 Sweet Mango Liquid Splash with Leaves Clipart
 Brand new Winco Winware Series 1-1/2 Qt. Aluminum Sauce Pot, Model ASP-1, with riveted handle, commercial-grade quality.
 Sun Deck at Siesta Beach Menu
# # # # # # #
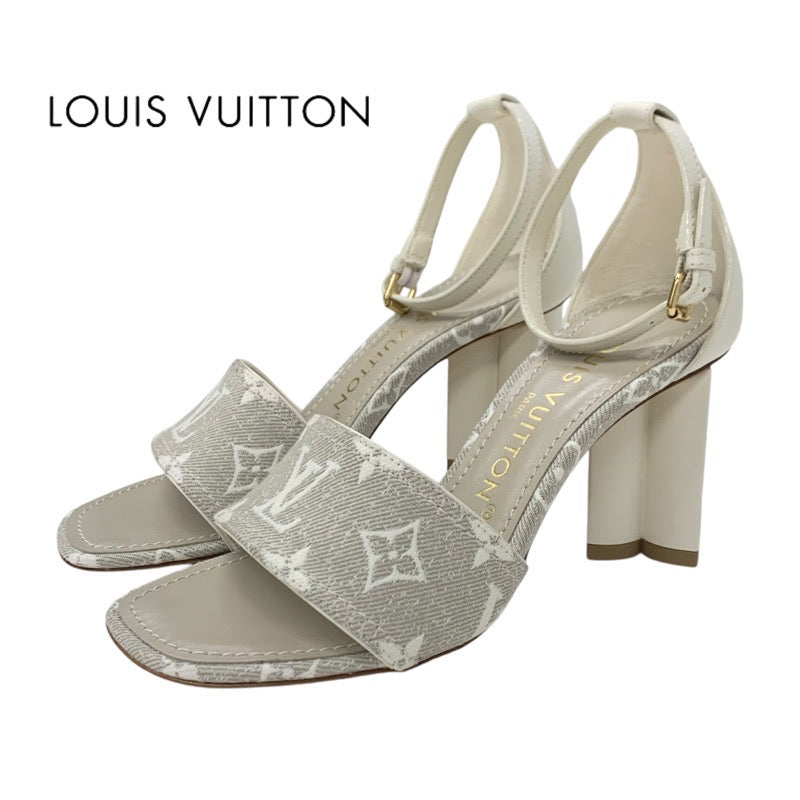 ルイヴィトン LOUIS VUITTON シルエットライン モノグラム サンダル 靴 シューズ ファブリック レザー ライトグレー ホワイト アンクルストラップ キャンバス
# # # # # # #
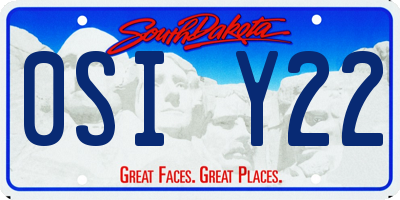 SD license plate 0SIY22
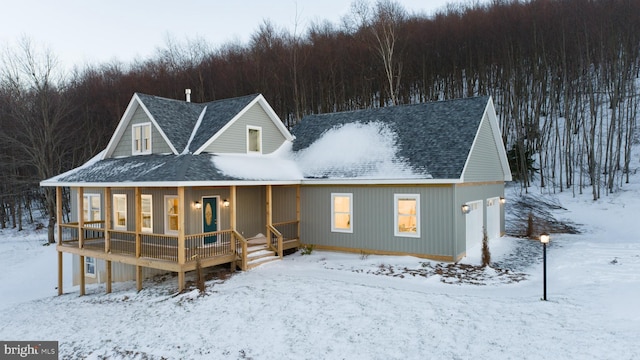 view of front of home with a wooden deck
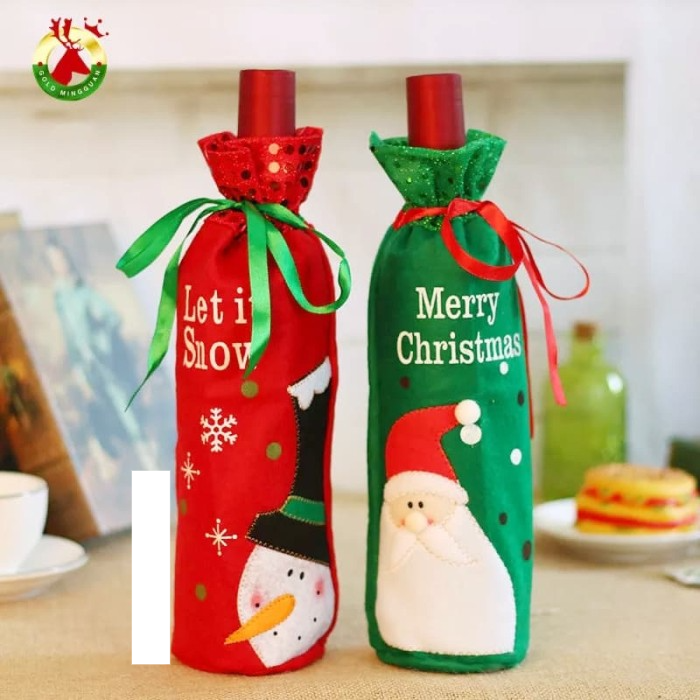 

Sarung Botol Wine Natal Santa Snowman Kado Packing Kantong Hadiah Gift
# # # # # # #
All that is wanted is an exact copy of the lines above from the one with "Sweet Mango Liquid" through the one with "Sun Deck at Siesta Beach Menu", with both ends included.

> **TASK RESPONSE**:
 Sweet Mango Liquid Splash with Leaves Clipart
 Brand new Winco Winware Series 1-1/2 Qt. Aluminum Sauce Pot, Model ASP-1, with riveted handle, commercial-grade quality.
 Sun Deck at Siesta Beach Menu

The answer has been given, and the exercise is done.